I loved getting ready for school dances. My best friend, C, and I would try on outfits, style each other’s hair, and apply make-up. This was unusual for us since we were jocks. Our normal school attire consisted of jeans, sweatshirts, runners, and barrettes or ponytails. Playing dress-up was fun, even if we did burn our ears with the curling iron, use a coat hanger to zip our Jordache jeans, and backcomb our hair until we defied Newton and his laws. All the while we’d giggle and be ourselves for the last time that Friday night.

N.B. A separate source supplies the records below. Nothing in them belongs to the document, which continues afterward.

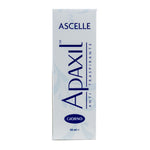 APAXIL ANTITRA ASCELLE GIORNO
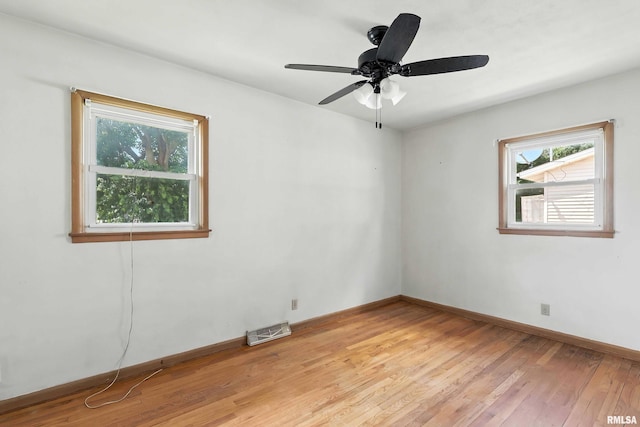 6706 Ridge Dr, Davenport, IA 52806 - photo 14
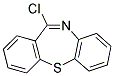 11--[b,f][1,4]s׿Y(ji)(gu)ʽ_13745-86-3Y(ji)(gu)ʽ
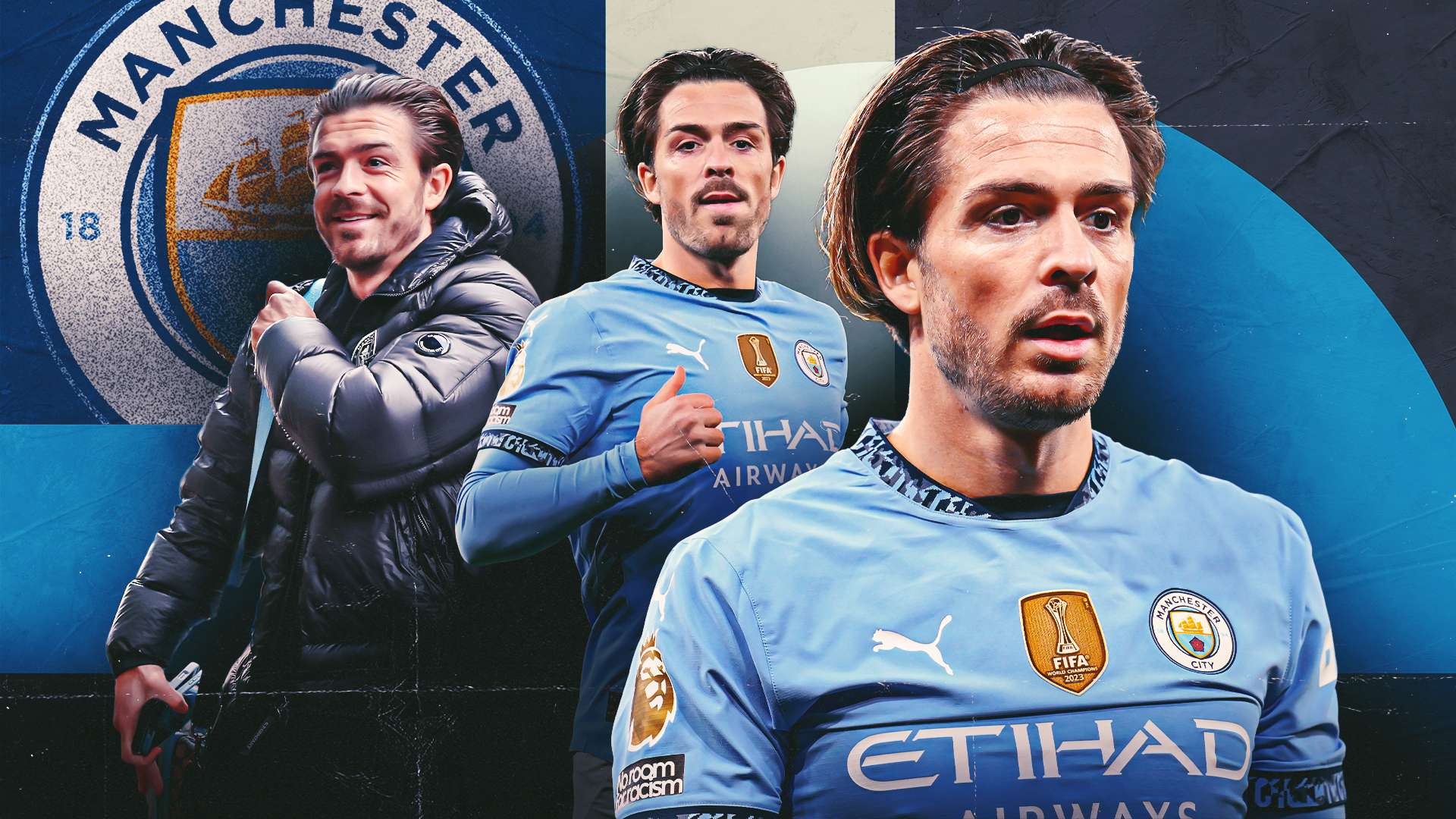 德甲第5輪柏林聯1-1拜仁慕尼黑 貝克爾破門基米希閃電扳平.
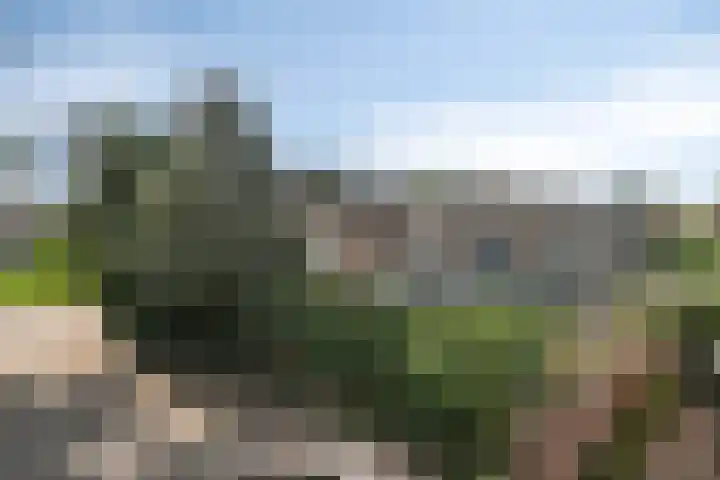 Buntweg 43 Soest thumbnail 23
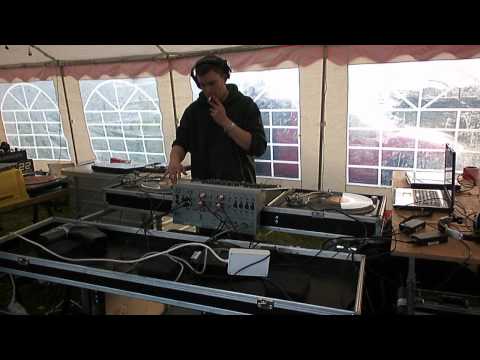 krma itf intoxytek ffb psykotic bzh in da normandie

Once we’d arrived at the gym, we’d join other girls and dance in a large circle. The boys lined the walls, leaning, joking, watching. I did the side-to-side shuffle with my feet, never sure what to do with my arms. I’d watch other girls and would try to mimic them, certain that they were dancing the right way. I seemed to hover above the circle, observing everyone, judging myself. How could someone so comfortable in that same gym with her basketball body not own it when she was dancing in the dark?
Eventually, the DJ would play a slow song, maybe Against All Odds, maybe Every Rose Has Its Thorn. C would find her boyfriend. She always had one. I never did. I’d pause momentarily near the court’s centerline, checking for any movement approaching. Inevitably, there was none. I’d follow the sheep into the fluorescent-lit hallway. I’d slurp water from the fountain and reenter the noisy darkness, searching for any girl I knew. I’d stand beside her and would watch the couples dancing: the straight-armed nervous ones, shuffling heavily in a repetitive side step; and the couply-couples draping their bodies over each other, hands roaming, feet anchored.
When the next ballad followed, there was both hope and terror as boys walked nearby.
Please ask me to dance.
Please don’t ask me to dance.
Sometimes I did get asked to dance, often by a boy a head shorter than me, a boy whose sleepy eyes were level with my breasts.
Don’t look at them.
Don’t look at my eyes either.
Sometimes a boy much older would ask me to dance. A boy whose wiry body knew what he wanted.
Please let Stairway To Heaven end.
Please let Stairway To Heaven go on.
The uncertainty of adolescence teetered amidst those two pleas.
What are your memories of school dances?